BENTO PRADO JR. (1937-2007) revelou à "Revista de Antropologia" (2003) que, ao conhecer Pierre Clastres (1934-77), autor de "A Sociedade contra o Estado" (Cosac Naify), logo se deram bem porque Clastres também era "mais chegado a um boteco do que a um seminário formal".
Foi justamente o que me permitiu aprender muito com Bento: em quase 40 anos, tivemos apenas um encontro acadêmico, quando fui à Universidade Federal de São Carlos, em 1980, para discorrer sobre a reforma agrária alentejana -tema da tese de doutorado que tinha acabado de defender em Paris, pouco antes de voltar anistiado, aos 31 anos.
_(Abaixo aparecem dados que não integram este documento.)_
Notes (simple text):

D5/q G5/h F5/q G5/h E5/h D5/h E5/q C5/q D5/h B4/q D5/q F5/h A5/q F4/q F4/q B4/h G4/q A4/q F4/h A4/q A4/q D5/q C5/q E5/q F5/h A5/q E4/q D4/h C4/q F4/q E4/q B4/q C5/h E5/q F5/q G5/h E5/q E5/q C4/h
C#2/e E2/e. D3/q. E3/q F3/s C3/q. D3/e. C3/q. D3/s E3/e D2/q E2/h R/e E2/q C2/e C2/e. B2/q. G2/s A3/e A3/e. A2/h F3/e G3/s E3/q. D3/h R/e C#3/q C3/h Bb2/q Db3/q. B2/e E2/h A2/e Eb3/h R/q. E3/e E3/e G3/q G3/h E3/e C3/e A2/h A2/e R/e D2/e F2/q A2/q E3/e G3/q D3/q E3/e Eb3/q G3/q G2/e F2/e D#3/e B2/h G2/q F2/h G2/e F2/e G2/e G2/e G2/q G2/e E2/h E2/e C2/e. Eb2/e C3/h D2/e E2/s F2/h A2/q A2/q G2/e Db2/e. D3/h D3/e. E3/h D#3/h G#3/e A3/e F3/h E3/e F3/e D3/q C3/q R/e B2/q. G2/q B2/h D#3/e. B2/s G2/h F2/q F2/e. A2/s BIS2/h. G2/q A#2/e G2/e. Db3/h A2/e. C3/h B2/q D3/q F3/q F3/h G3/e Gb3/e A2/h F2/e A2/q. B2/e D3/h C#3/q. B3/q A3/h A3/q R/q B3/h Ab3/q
Não fosse Bento um "notívago atormentado que preferia que a noite não terminasse e que temia a luz do dia seguinte" (como disse Roberto Schwarz no caderno Mais!, da Folha, em janeiro de 2007), é bem provável que teria demorado uma enormidade para entender a necessidade crucial de que os intelectuais se despojem de sua função "arcôntica" para encontrar graça na adesão à função contrária, "anarcôntica".
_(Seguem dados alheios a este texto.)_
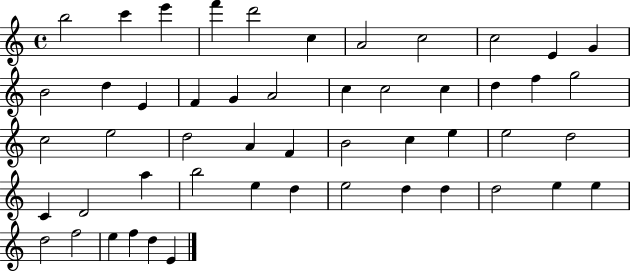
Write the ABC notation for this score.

X:1
T:Untitled
M:4/4
L:1/4
K:C
b2 c' e' f' d'2 c A2 c2 c2 E G B2 d E F G A2 c c2 c d f g2 c2 e2 d2 A F B2 c e e2 d2 C D2 a b2 e d e2 d d d2 e e d2 f2 e f d E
São palavras do próprio Bento em mesa-redonda intitulada "Por que filósofo?", na reunião da SBPC (Sociedade Brasileira para o Progresso da Ciência) de 1975, em Belo Horizonte.
Demasiadamente obscuro, não é? Mas fica mais claro com a leitura da entrevista sobre Gilles Deleuze (1925-95), que Bento deu também ao Mais! (junho de 1996), e reproduzida em seu livro "Erro, Ilusão, Loucura" (Ed. 34).
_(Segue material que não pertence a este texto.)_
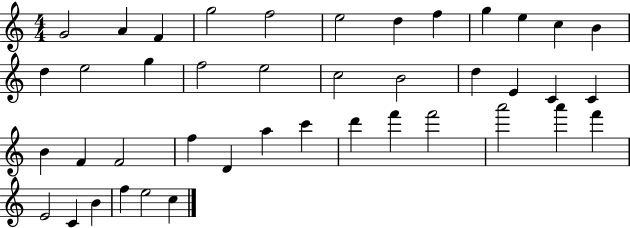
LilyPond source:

{
  \clef treble
  \numericTimeSignature
  \time 4/4
  \key c \major
  g'2 a'4 f'4 | g''2 f''2 | e''2 d''4 f''4 | g''4 e''4 c''4 b'4 | \break d''4 e''2 g''4 | f''2 e''2 | c''2 b'2 | d''4 e'4 c'4 c'4 | \break b'4 f'4 f'2 | f''4 d'4 a''4 c'''4 | d'''4 f'''4 f'''2 | a'''2 a'''4 f'''4 | \break e'2 c'4 b'4 | f''4 e''2 c''4 | \bar "|."
}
À pergunta sobre o lugar que a crítica de Deleuze ocupa na formulação política, respondeu: "Do ponto de vista político, significa, talvez, a mais perfeita expressão do esquerdismo na sua vertente anarquista. E poderia uma filosofia, cuja vocação essencial é a de instaurar uma metafísica 'anarcôntica', exprimir-se politicamente de maneira diferente?"
Nunca foi outra sua atitude nas tertúlias em "botecos" a que tive o privilégio de assistir, que infelizmente sumiram. Dos célebres Chic-Chá da avenida Angélica e Riviera, em frente ao Cine Belas Artes (1968), ao Nabuco, da praça Villaboim (2005), em São Paulo.
Apenas sobrou -e bem longe de Sampa- o La Rotonde, esquina dos bulevares de Montparnasse e Raspail (em Paris), ponto de encontro nas noites de exílio com o casal de amigos uspianos Célia Galvão, da ciência política, e Zé Chico Quirino dos Santos, da antropologia. Mas só nas poucas vezes que Bento deixava sua casa, na distante Pierres, para um "seminário formal" vespertino.
Apesar da arraigada postura anarcôntica, foi Bento quem sugeriu a outro Prado, o Caio Graco (1931-92), que me convidasse a escrever o meu primeiro livro, mesmo sabendo que só poderia resultar em abordagem eurocomunista: "O Que É Reforma Agrária" (Ed. Brasiliense, 1ª ed. em 1981, 17ª e última em 2005). É que percebera que a minha pesquisa de campo deixava nítida como resistiam melhor à contrarreforma as cooperativas não enquadradas pelo dirigismo estalinista do PCP (Partido Comunista Português).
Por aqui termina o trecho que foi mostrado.